Disclaimer: I am not doing this for money. I only do it out of love and respect for the books and the movies. I own nothing, well, I do own the LOTR DVD's, but please don't sue me, I like to watch the movies. They're my precious. However, if someone would like to give me Viggo or David for my birthday, I would gladly accept that payment.


Now pay attention people. This is AU. It does follow cannon, but then again it doesn't. I am not Tolkein so I don't write like him. I try the best I can. Any flames will be given to Gandalf to feed his pet Balrog. But any good reviews will bring the reviewer my undying gratitude. And please read the stories of my favorite authors. If it wasn't for them I would never have gotten the courage to write. So this is dedicated to anyone who writes stories.

And this is a two-part story. So here is part one.

Loving Eowyn CHAPTER 1 Aragorn

I can still remember the first time I saw here. The way the shadows played on her face. It was if they were trying to aid her in hiding her pain. She was full of pain and sorrow back then. It almost devoured her. But to see how she has risen from the depths of sorrow to see such joy shows what a truly remarkable woman she is.

Lady Eowyn is a woman without compare. She is more beautiful than the purest lily, more courageous than the fiercest knight, smarter than the all but the most learned of Elves in the healing arts, and more loyal than the anyone I know. She loves Faramir with a devotion that I have never known before. And of that I am jealous.

Had I known back in Edoras just how truly wonderful Eowyn is, I would have never rejected her. I would have never left her in Dunharrow. She had, and still has I am sure, the courage to stand up to the Captain of the Nazgul. Seasoned men could not do that, but that soft, enchanting woman, nay she was barely a woman almost more child, was able to defend her king.

And even as she lay in the Houses of Healing she knew who truly loved her. I was unable to give her my love so she ignored my requests for her to come back to the land of the living. Only when her brother beckoned her did she respond. All too well she has learned to whom to trust her heart.
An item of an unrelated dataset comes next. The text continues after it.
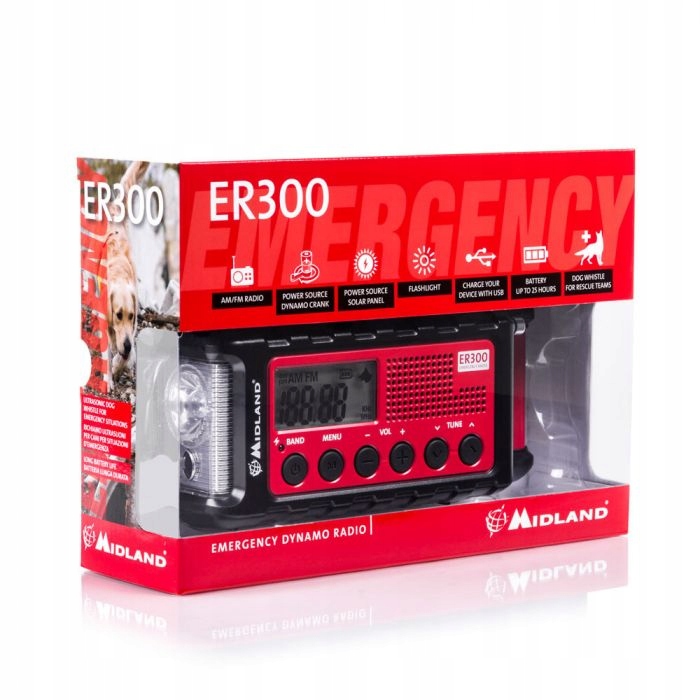 Radio Midland ER300 Premium Solar 4w1 POLSKA DYSTRYBUCJA SKLEP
And it was in those accursed Houses that she learned to love Faramir, for she knew that he would never forsake her. He knew the strength that lay in her without having to see it first hand. He knew that the precious Shield Maiden of Rohan was of greater worth than anyone in all the kingdoms. And he acted upon it.

For that I curse my steward. What I would not give to have had his foresight? The pure look of love than Eowyn bestows upon him is more than he deserves. No man dares slander him in from of her or they feel her wrath. One woman made the mistake of letting a rumor loose of her plans to woo Faramir while the two were still engaged, and I still laugh at the thought that Eomer could barely physically restrain Eowyn from tearing the offensive woman to shreds.
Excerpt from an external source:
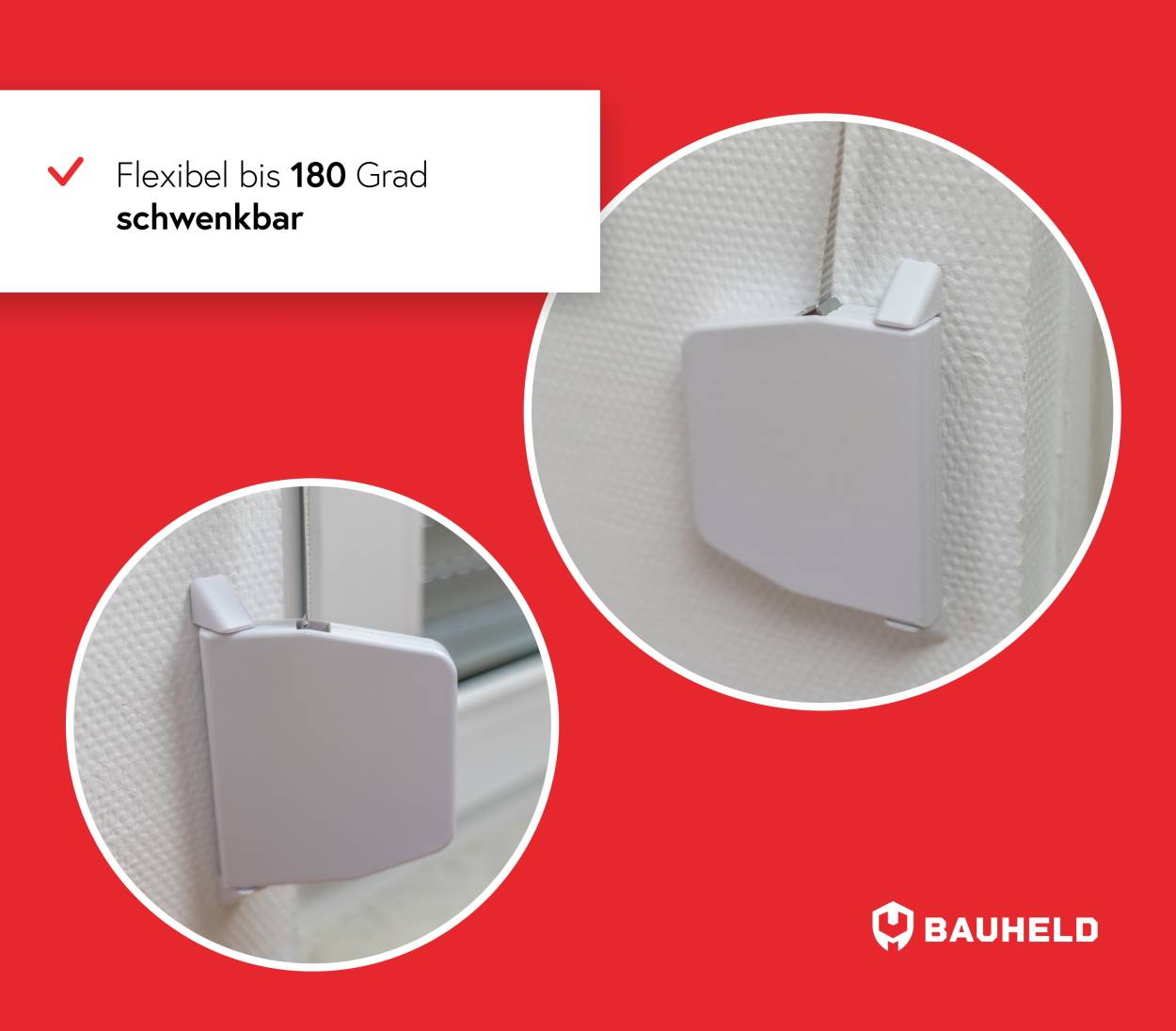 BAUHELD Rollladen Gurtwickler Aufputz 23mm Maxi mit Einfädelautomatik Weiß-2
That is what I want and need. I wish for a woman willing to show such emotion and such passion. Arwen is a lovely Elf, but she is not a passionate person. She is so distant at times, as if she would rather be across the sea than across my bed. I know that it would not be the same with Eowyn. How many times has Eomer told me that even when in front of the couple they still show no restraint in displaying the depth of their love? He even mentioned catching them rolling in the hay unclothed in a barn in Meduseld. I am jealous of Eomer for that sight. I am sure that Eowyn's body would have been as white as snow and as soft as silk.

I fear looking Faramir in the eyes. He knows that I harbor some feelings for his wife, but I hope he does not understand the depth. At the celebration of my firstborn I gazed at Eowyn much too long to be construed as proper, and I am sure that Faramir caught me. I tried to put it off and he seemed satisfied with my answer. But I am still unsure.
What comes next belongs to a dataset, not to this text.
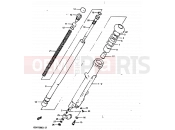 SUZUKI GSX1100 D (1983) 65 - FRONT FORK (GSX1100Z/D/XD)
I know that Eowyn does not know of my feelings. I am sure she would limit our interactions as much as possible if she knew. Eomer once told a tale of when Eowyn was younger she was pursued by a close friend of his. However her handmaiden had an eye for this Rider and so Eowyn avoided him as much as possible. She did not want the chance to possible take the man's affections for her own if her friend desired them. Her loyalty knows no bounds. I would hate to think what she would do if she knew a married man desired her affection.

Sadly I wish for Arwen and Faramir's demise. But even then I know that Eowyn would love her husband and never marry again. And even more sadly she truly believes in the sanctity of marriage when lesser nobles have no qualms about sharing their beds with anyone.

Eowyn is one of a kind. I could have had her. She could have been mine from the very beginning, but I chose to reject her. I am stupid beyond compare. And now I must live in sorrow, just as I found her.